- _Try it_: Copy out exactly the lines spanning the line with "Mirror, Without Faucet" to the line with "Watercolor Burgundy Floral", inclusive, from the data underneath, with no pictures.

- _Given entries_:

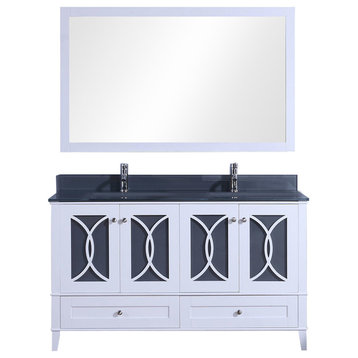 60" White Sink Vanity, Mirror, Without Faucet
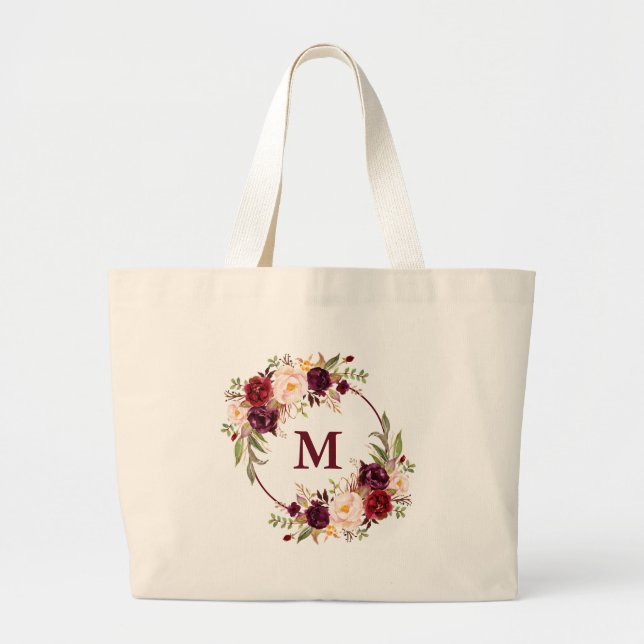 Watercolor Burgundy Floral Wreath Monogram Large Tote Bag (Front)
--
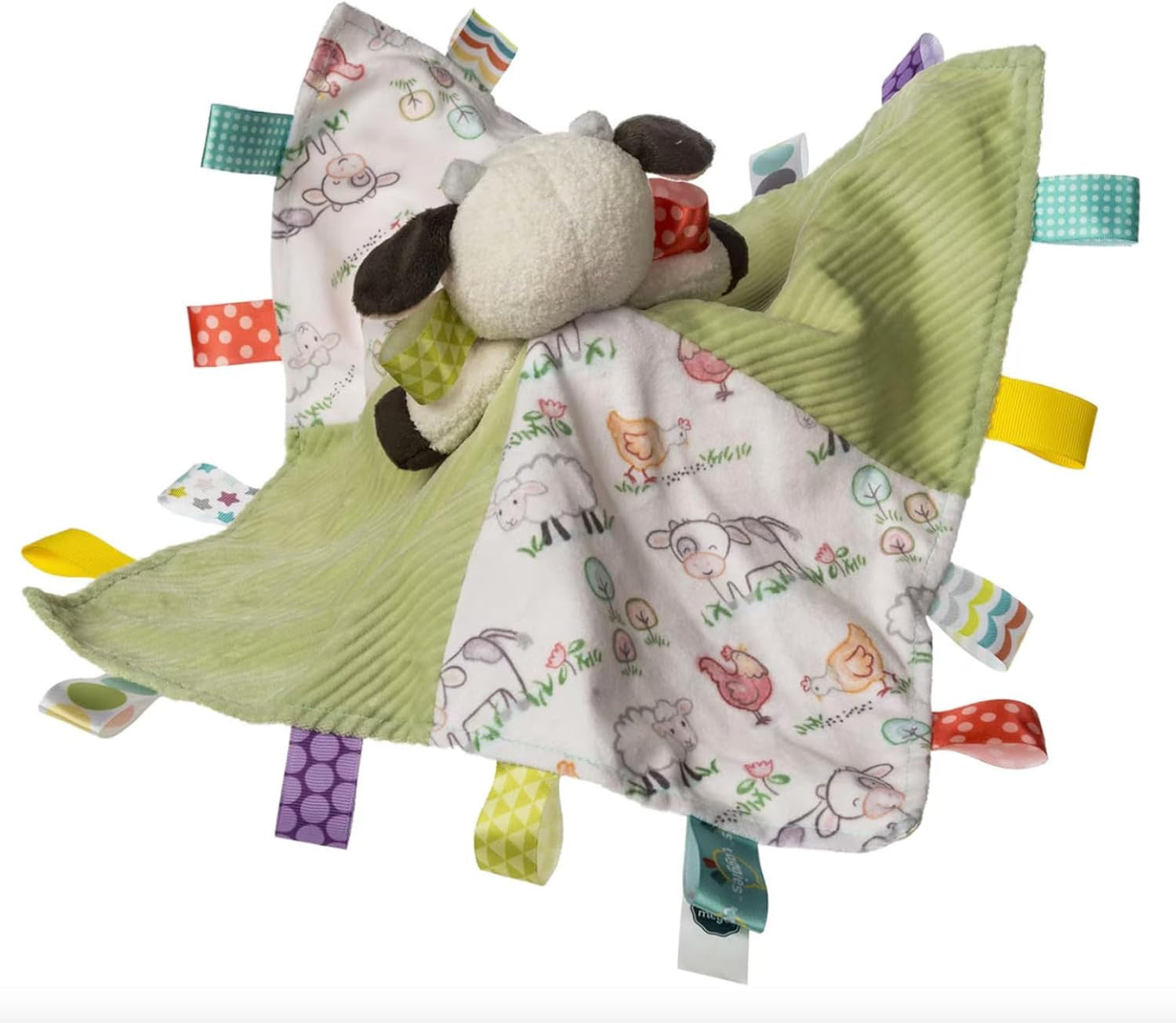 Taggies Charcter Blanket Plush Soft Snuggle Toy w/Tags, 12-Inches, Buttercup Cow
--
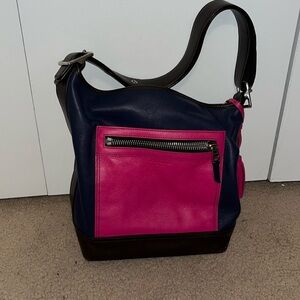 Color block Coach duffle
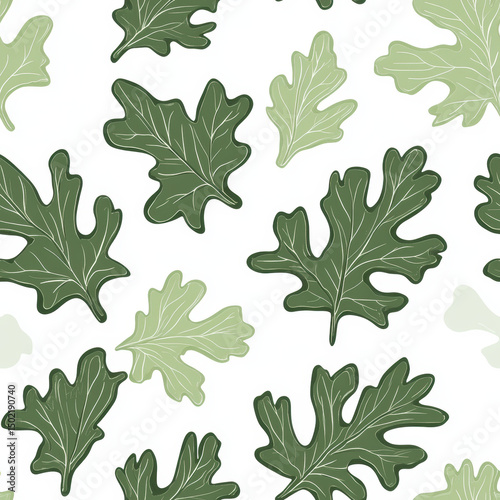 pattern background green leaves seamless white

- _Expected answer_:
 60" White Sink Vanity, Mirror, Without Faucet
 Watercolor Burgundy Floral Wreath Monogram Large Tote Bag (Front)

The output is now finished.